While I was in Washington DC yesterday, speaking at Camp Democracy, I was touched by the father of Alex Arredondo who had set up the elaborate display in the photo above in honor of his son who was killed last year in Iraq. He called it Camp Alex. I could see in his busy energy, as he put the site together, his need to keep moving as a way to deal with his enormous pain and anger of his family's loss. We talked for a while and he told me that Alex's death has broken his whole family apart. At a time when family needs each other the most, the tragic loss had sent a lightening rod of division right through their family. We've heard similar stories of other families being torn apart as a result of this war.

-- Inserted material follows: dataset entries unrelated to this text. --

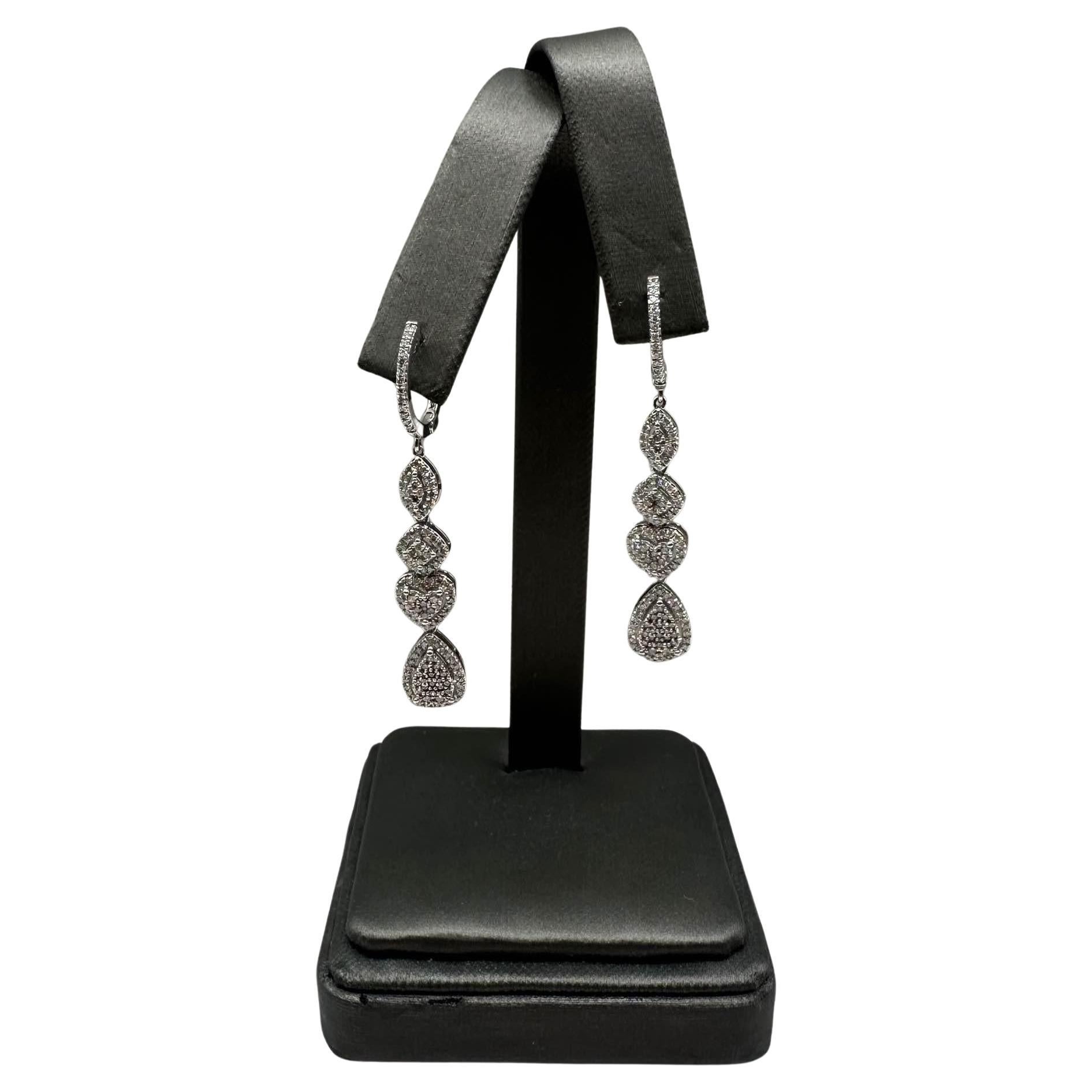 Pendientes Multi Cluster de Oro Blanco de 10kt - 1.2ctw Diamantes, Nuevo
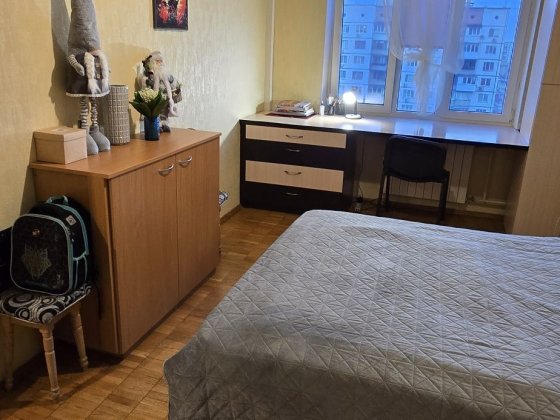 Двокімнатна  пл.Оболонська  3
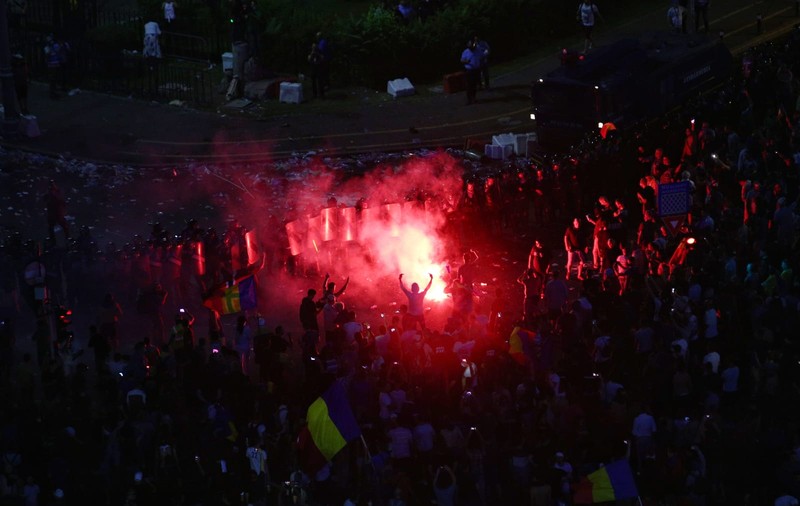 UPDATE. Război de stradă între jandarmi și huligani, în Piața Victoriei. 452 de persoane rănite / VIDEO&FOTO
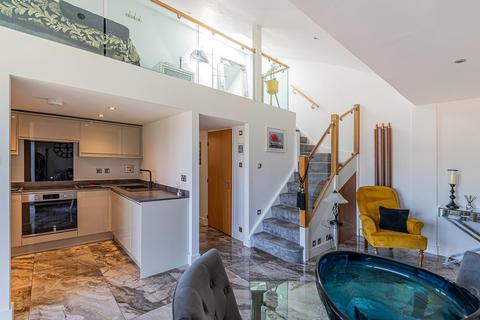 Pierhead View, Penarth CF64 1 bed apartment for sale
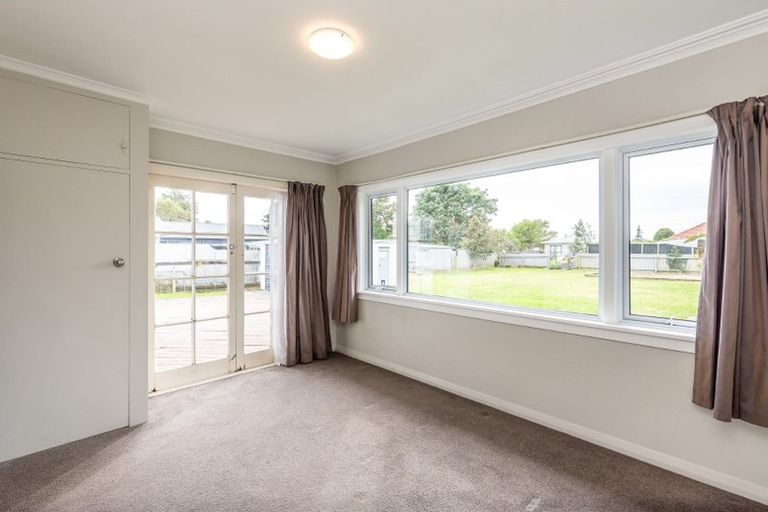 Photo of property in 43 Liverpool Street, Levin, 5510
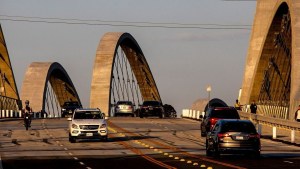 El caos reina de noche: La apertura de un puente en Los Ángeles que se volvió una pista de carreras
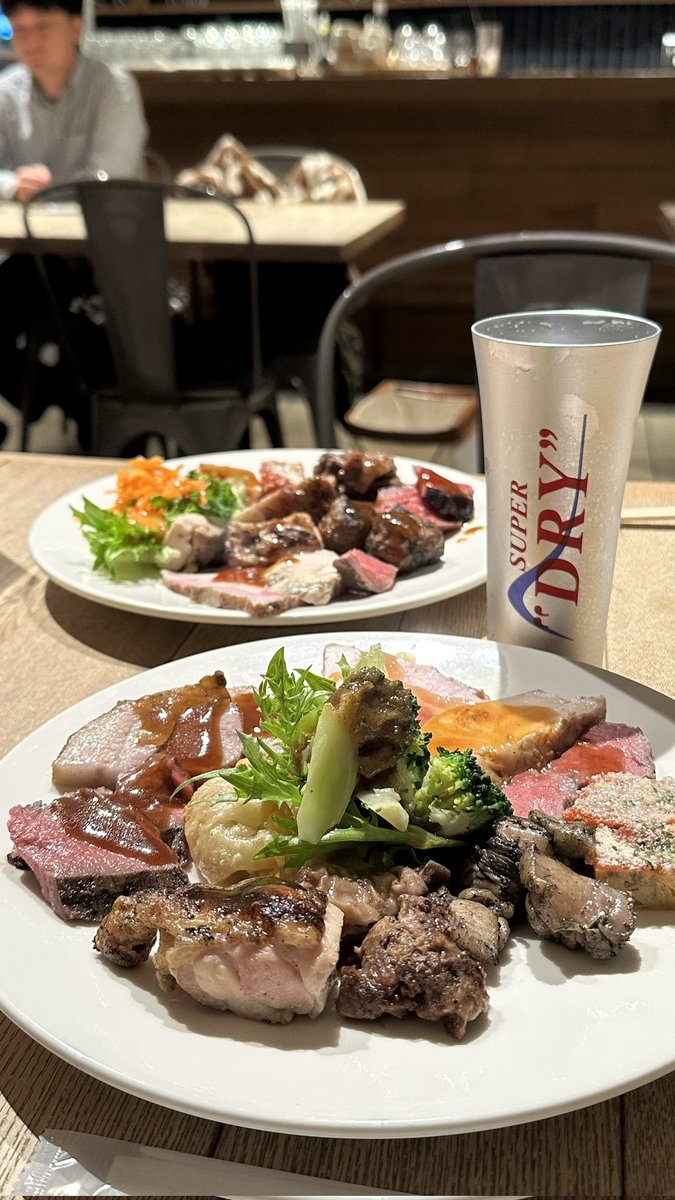 kai_8118's tweet photo. 昨日はお腹はち切れるぐらい肉食べてきた🍖 https://t.co/hHksvYFLpI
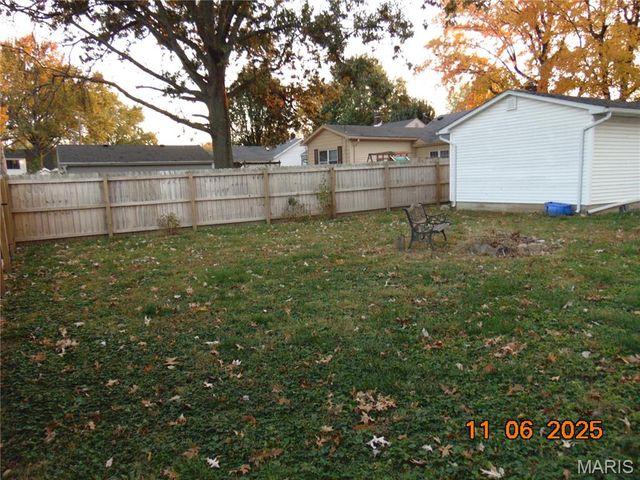 215 Doerr Street, Roxana, IL 62084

In today's media we hear the story about Dick Cheney saying that those who oppose the war are aiding the "enemy". Cheney says U.S. allies in Afghanistan and Iraq "have doubts" America will finish the job there. "And those doubts are encouraged, obviously, when they see the kind of debate that we've had in the United States," he said. "Suggestions, for example, that we should withdraw U.S. forces from Iraq, simply feed into that whole notion, validates the strategy of the terrorists."

Cheney is also sending a lightening bolt through the heart of the American people and doing his best to divide us from one another.

Talk like this from Cheney, and seeing the mourning eyes of Alex's father yesterday, make me more determined than ever to do more to end this war. We all live inside of a box of sorts. We all have our political boundaries - we only do so much, we only go so far in our anti-war work. As Ray McGovern said yesterday at Camp Democracy, not enough of us are "sticking our necks out" to end the occupation of Iraq. Necks, McGovern said, are useful to hold our heads up. But necks are not worthy of being worshipped and if we are unwilling to take some actions that for us are new and risky behavior, then we have begun to idolize our necks.

I know the fast won't change things in and of itself. I am not that naive. But I do think that the idea of going beyond our normal personal barriers is a good example for us all to set. We need to show our families, our communities, and ourselves that we are serious about ending this madness both in Iraq and here at home.